After this step, I used scipy.ndimage.measurements.label() to identify individual blobs in the heatmap and apply a label to each heatmap. The idea is, that each blob is supposed to correspond to a vehicle. I constructed bounding boxes to cover the area of each blob detected.

Here's an example result showing the heatmap based on the test image dataset. The image's purpose is to show the impact of thresholding to remove false positives.

alt text

It can be clearly seen, that double thresholding (absolute and relative) was in fact removing lots of false positives and also helped separating the vehicles from each other.

However, if the video was processed with the steps mentioned above, there were still many frames where vehicles were not detected at all, i.e. false negatives. I was able to solve this issue by adding a buffer, which was holding the detections from the last 10 frames.


Discussion

1. Briefly discuss any problems / issues you faced in your implementation of this project. Where will your pipeline likely fail? What could you do to make it more robust?

It was a lot of fun to train the SVM and tweak the parameters, since the SVM was quickly achieving high accuracys.
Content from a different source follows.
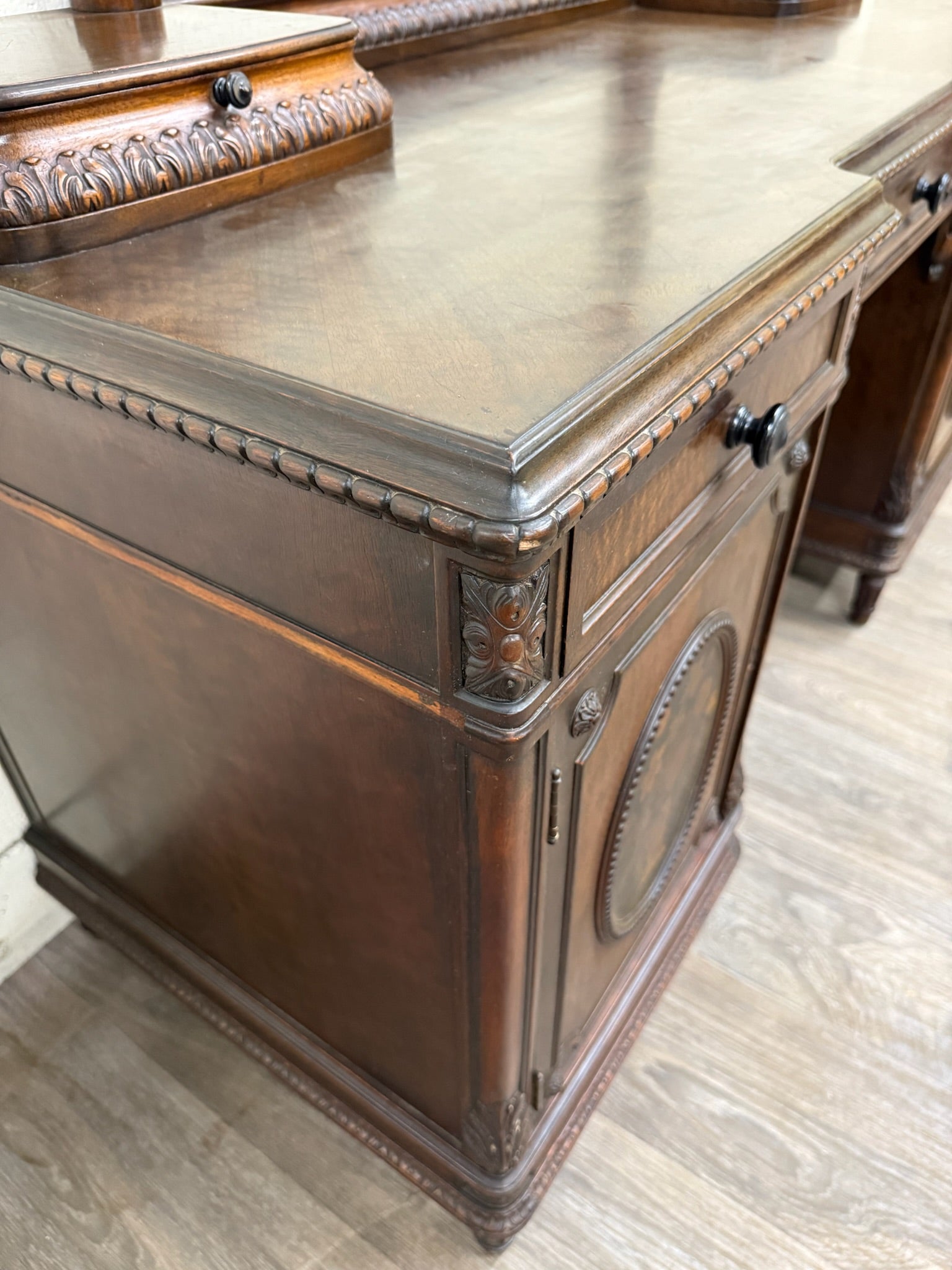 Antique Berkey & Gay Mahogany Vanity or Kneehole Desk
My pipeline is likely failing for cars that are very far away. This is due to the search window size. I decided to skip very small ones to keep the performance of the script up as much as possible.

One improvement I would really like to introduce is a better separation of the cars, especially when they are very close together. One idea to achieve this is to check the size of the detected label. As soon as it is 2 times as long as high, split in the middle.

Furthermore, there still remain some false negative and false positive readings, which could be reduced with further parameter optimization.

Potential speed improvements

While writing this summary, one further option for speed improvement came to my mind.

Search windows with a certain scale should only be applied in areas, where the cars are likely to have the approximate search window size! Currently, the script is applying the small search windows also at the bottom of the image, which does not make too much sense. This could be limited to areas, where vehicles are actually that small. I guess this could yield a 5x speed boost.

Since for the video a buffer for averaging over video frames was applied, further parameters might be tweaked towards higher calculation speed. E.g smaller overlap, fewer different scales etc. Speed boost likely in the order of 3x-10x.

Definitely, my first step would be to install some sort of profiling tool (e.g. line_profiler) and do a proper line per line speed profiling assessment. Usually, this reveals very quickly which lines of code need optimization.

Conclusion

Overall, a fun project to work on! It's amazing to see what is achievable with a few hundred lines of code!

Thank you Udacity for this great experience!